My bet is that it could, and it’s being overly strict so you have to acknowledge how the DST field affects the layout. But that’s just my theory.

Alternative representations

Here's where it gets interesting - rust allows you to specify different representations of structs/enums, for various different purposes. Let's dig in!

`#[repr(C)]`

This lays a struct out like C would. Essentially, no field re-ordering, it just leaves them as is and adds padding as necessary. This means you know for sure the layout of your struct, and can directly access the fields with unsafe-memory operations if you feel the need.

Run the below code - it should return that the size is 12 bytes - like the unpacked example above.

#[repr(C)]
struct Unpacked {
    A: u16,
    B: u32,
    C: u16,
}


fn main() {
    println!("The size of unpacked is {}", std::mem::size_of::<Unpacked>());
}

This repr is mainly used for FFI - foreign function interfacing, where you want to pass data to a program written in another language.
C struct layout is generally the expected layout for data when doing so. Do note, however, that adding repr-C to a struct doesn’t actually guarantee it to be FFI-safe.

Consider the unfortunate example:

#[repr(C)]
struct i128_wrapper(i128);

Where rust’s u128/i128 types don’t match the __int128 C type, and thus aren’t FFI safe.

Other uses exist - particular low-level uses like interacting with MMIO, in which a struct’s fields NEED to be at set offsets. (MMIO is a low-level concept, where reading/writing memory can have different effects depending on what address you’re using).

Repr-C also has a unique effect on enums. For enums where the fields have no associated data, it just ensures the layout will match a C enum - which is most of the time an i32. The target architecture decides this, but essentially just an integer of some sort.

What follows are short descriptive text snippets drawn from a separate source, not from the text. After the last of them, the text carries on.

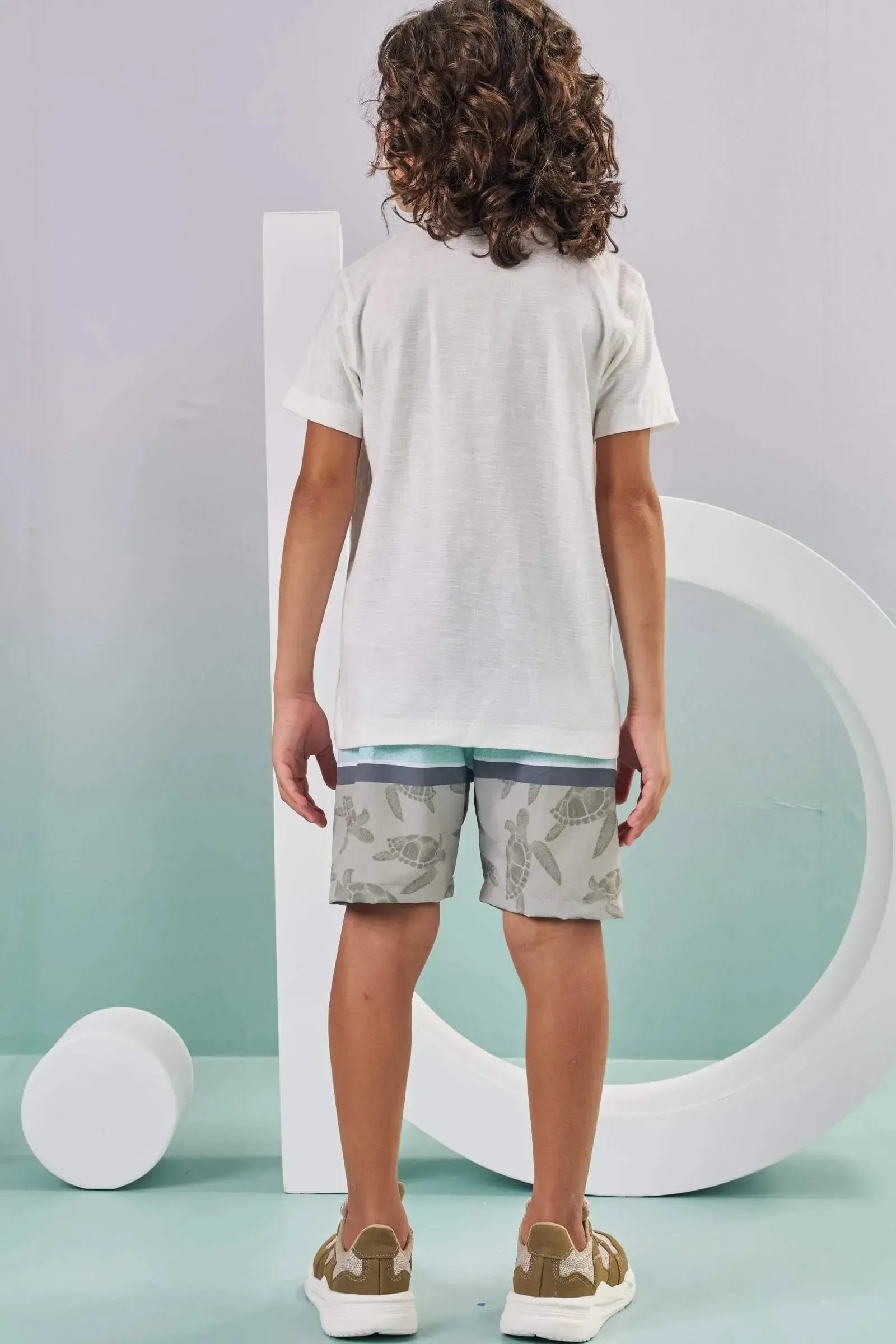Conjunto de Camiseta em Malha Flamê e Bermuda em Nylon Ergonomic com Elastano 87525 LucBoo Infantil Menino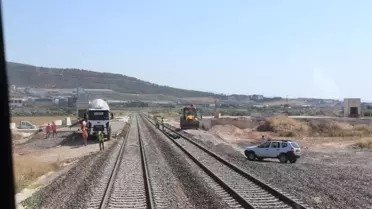 Akhisar'ı İkiye Bölen Demiryolu Şehir Dışına Alınıyor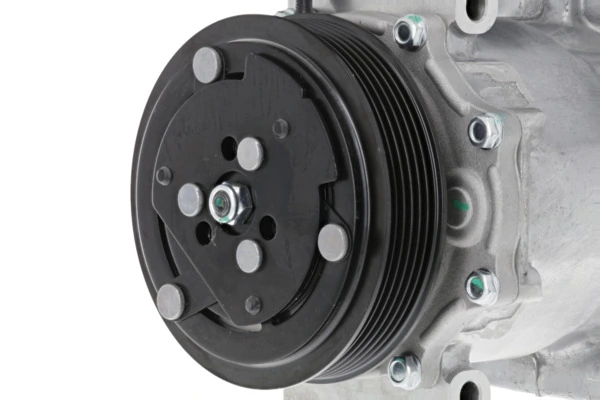 Do koszyka Sprężarka klimatyzacji Ford Focus II CA5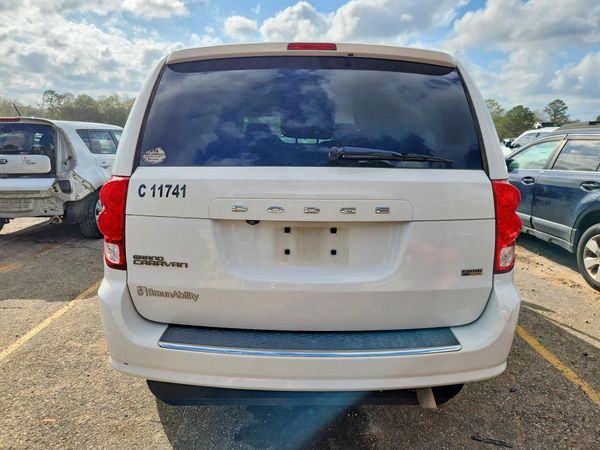 2019 DODGE GRAND CARAVAN SE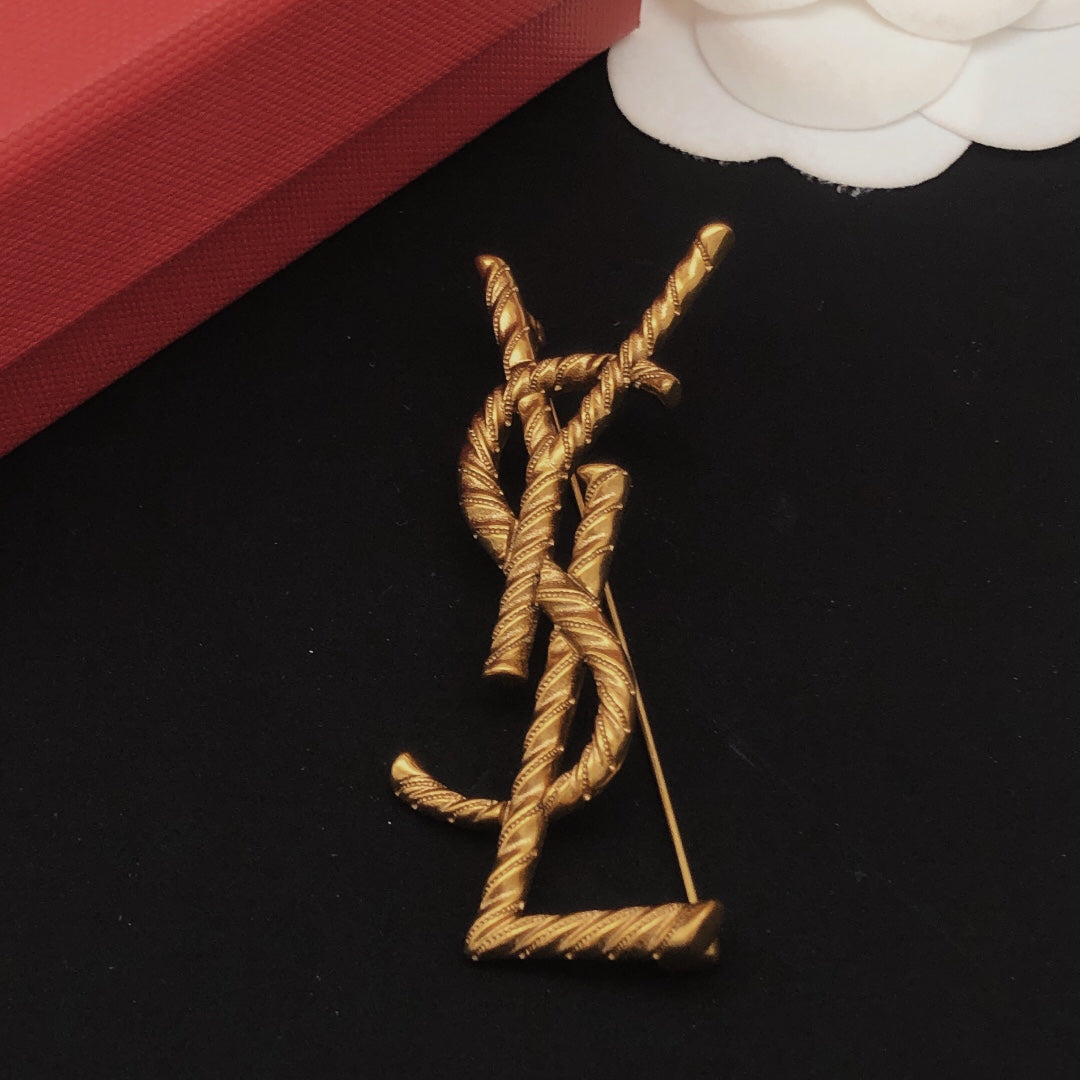 Twist Brooch in Gold-Tone – Twist Detail – Design 004 main product view
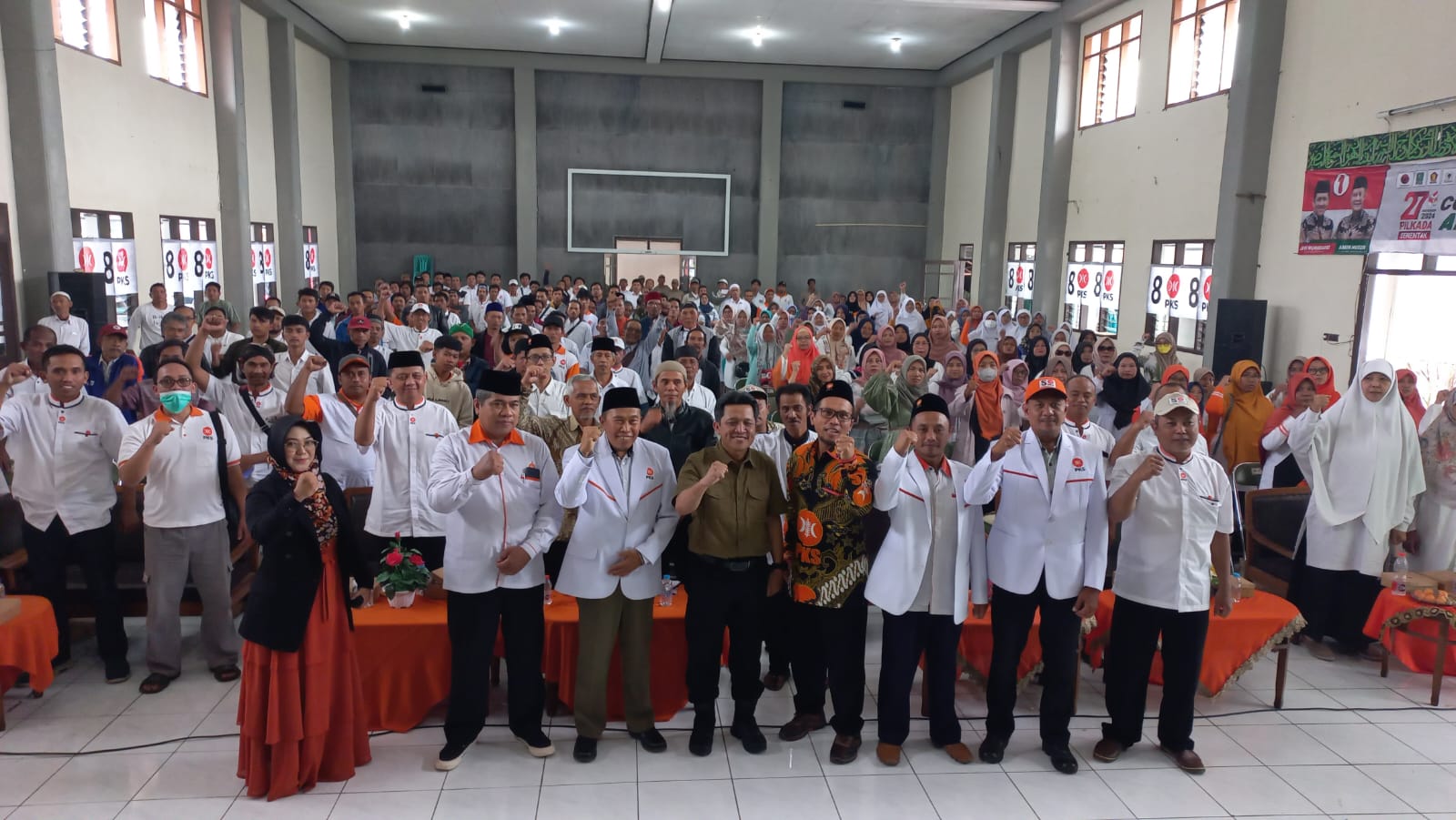 Konsolidasi DPD PKS Kabupaten Wonosobo di gedung Haji pada Minggu (10/11/2024) untuk memenangkan paslon Afif - Husein, dan paslon Lutfi-Yasin untuk Pilkada Jateng.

However, for enums where at least one field has associated data, a representation is defined such that the enum becomes safe for FFI with C(++). This is needed as C(++) enums don’t allow associating data with an enum field.

`#[repr(align(X))]`

This forces the minimum alignment of a type to be X. Once again, X must be a multiple of 2, and at least 1. This relates back to how alignment can lead to hardware improvements.
Normal assembly instructions have loads/stores of up to 8 bytes, but most architectures have special registers to allow larger loads. These loads still have to be aligned to be fast though.

An example:

#[derive(Clone, Copy)]
pub struct SomeU32s([u32; 4]);

#[derive(Clone, Copy)]
#[repr(align(16))]
pub struct SomeAlignedU32s([u32; 4]);

pub fn readu(x: &SomeU32s) -> SomeU32s {
  *x
}
pub fn reada(x: &SomeAlignedU32s) -> SomeAlignedU32s {
  *x
}

Generates the asm:

example::readu:
        mov     rax, rdi
        movups  xmm0, xmmword ptr [rsi]
        movups  xmmword ptr [rdi], xmm0
        ret

example::reada:
        mov     rax, rdi
        movaps  xmm0, xmmword ptr [rsi]
        movaps  xmmword ptr [rdi], xmm0
        ret

You don’t need to understand the actual assembly - just notice how example::readu uses movups, but example::reada uses movaps.
These instructions are near equivalent, excepts movaps is the aligned variant of movups. This means, hardware-wise, the second function would be faster.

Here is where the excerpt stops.